**THE PROBLEM**
Every entry that follows must be written out exactly, apart from its pictures.
-------- INFORMATION
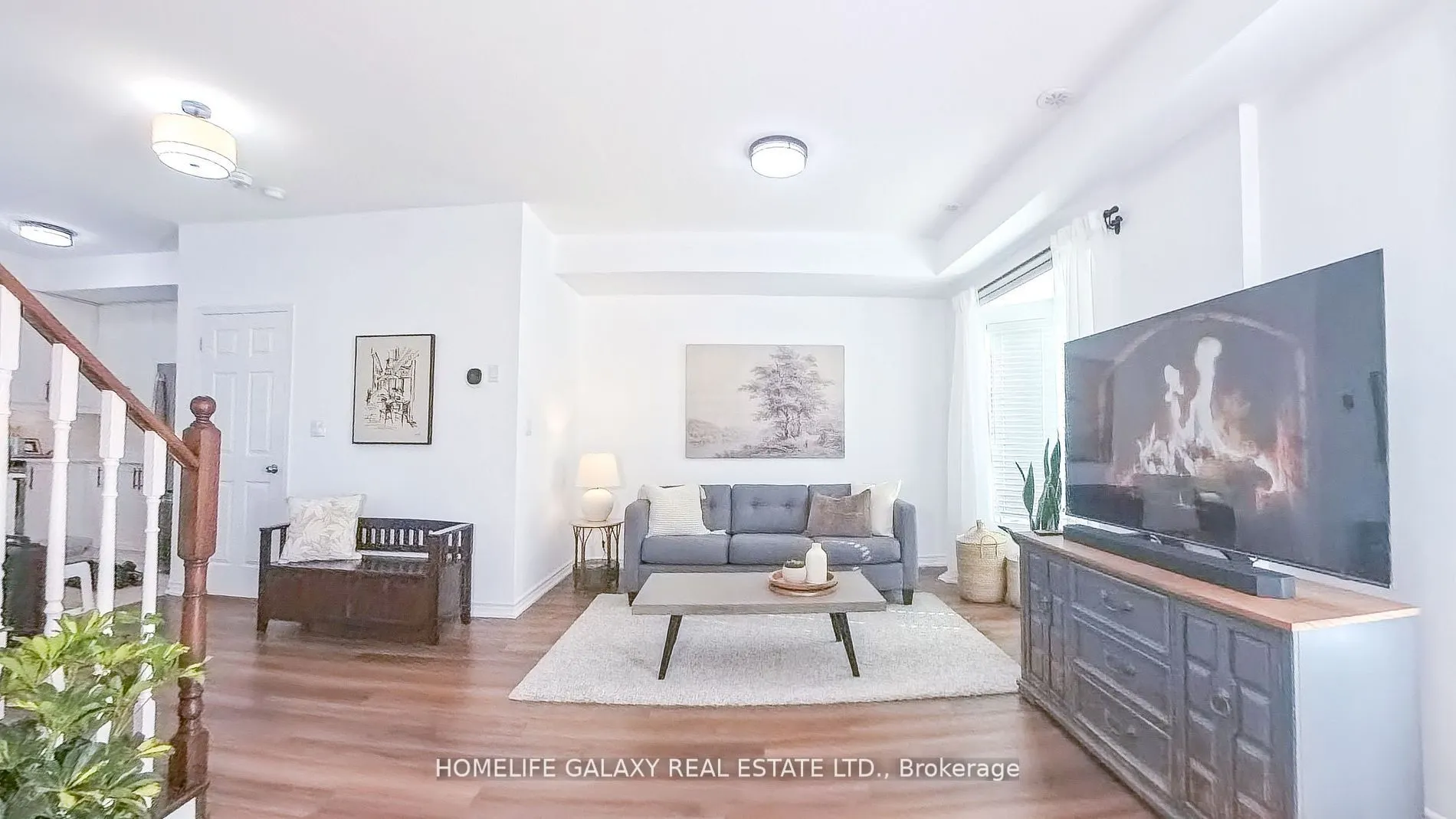 1050 Elton Way, #8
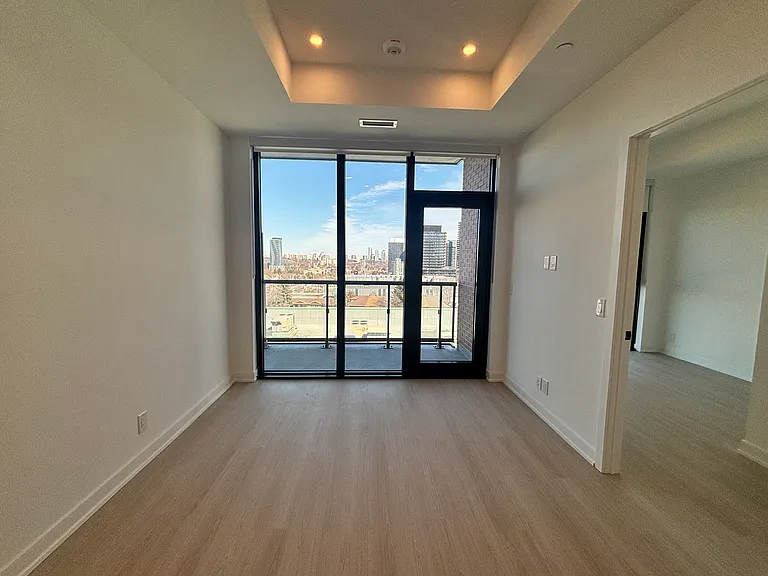 699 Sheppard Ave E #703 — Photo 7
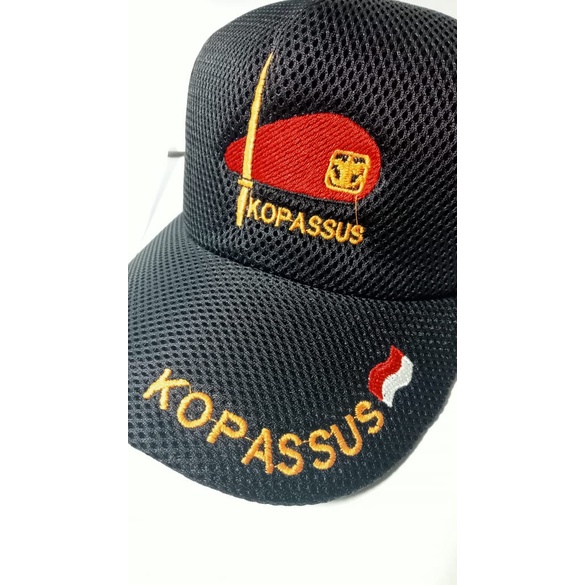 TOPI KOPASSUS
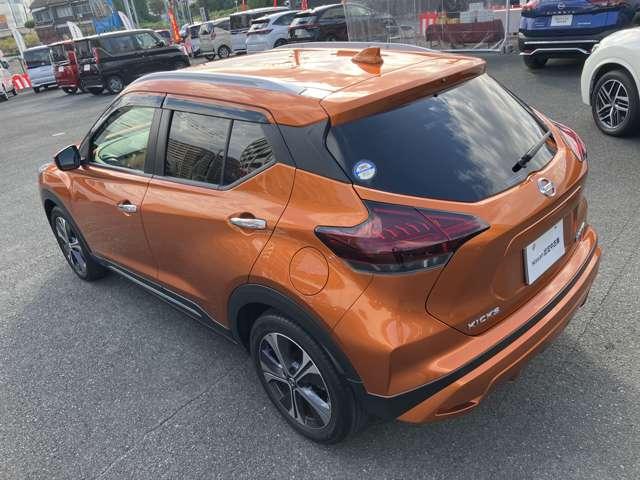 キックス 1.2 X ツートーン インテリアエディション (e-POWER) ワンオーナー車・認定中古車・プロパイロッ エマージェンシーB セキュリティ アラウンドモニター Rカメラ LED ワンオーナ 禁煙 エアコン ドラレコ スマートキー 記録簿 ETC メモリーナビ サイドエアバック AW キーレス 寒冷地仕様(12枚目)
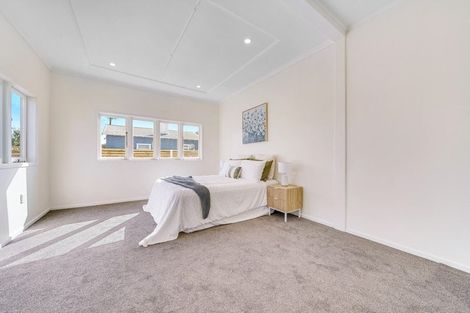 Photo of property in 1/8 Kelvin Road, Papakura, 2110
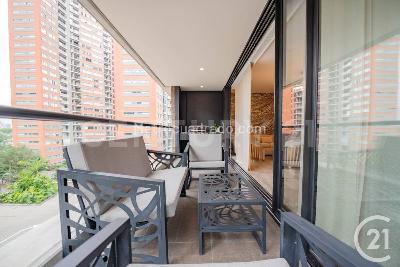 Apartamento en arriendo en El Poblado, Medellín · foto 5 de 16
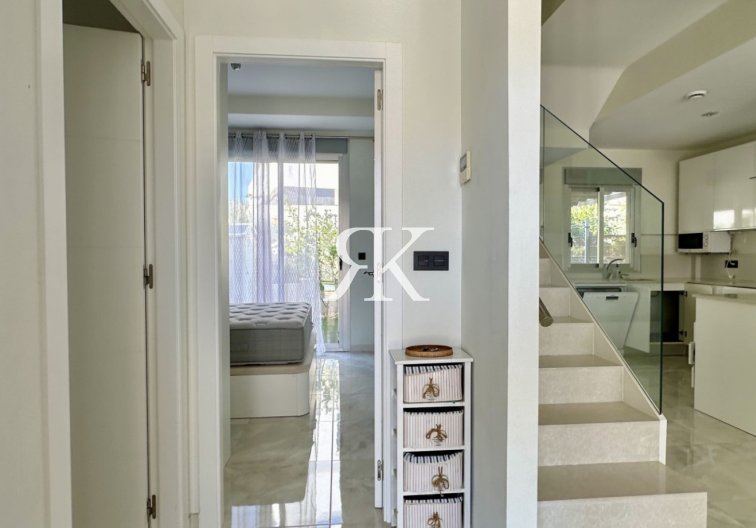 Revente - villa - Orihuela Costa - Costa Blanca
----------------
**SOLUTION TO THIS EXERCISE**
 1050 Elton Way, #8
 699 Sheppard Ave E #703 — Photo 7
 TOPI KOPASSUS
 キックス 1.2 X ツートーン インテリアエディション (e-POWER) ワンオーナー車・認定中古車・プロパイロッ エマージェンシーB セキュリティ アラウンドモニター Rカメラ LED ワンオーナ 禁煙 エアコン ドラレコ スマートキー 記録簿 ETC メモリーナビ サイドエアバック AW キーレス 寒冷地仕様(12枚目)
 Photo of property in 1/8 Kelvin Road, Papakura, 2110
 Apartamento en arriendo en El Poblado, Medellín · foto 5 de 16
 Revente - villa - Orihuela Costa - Costa Blanca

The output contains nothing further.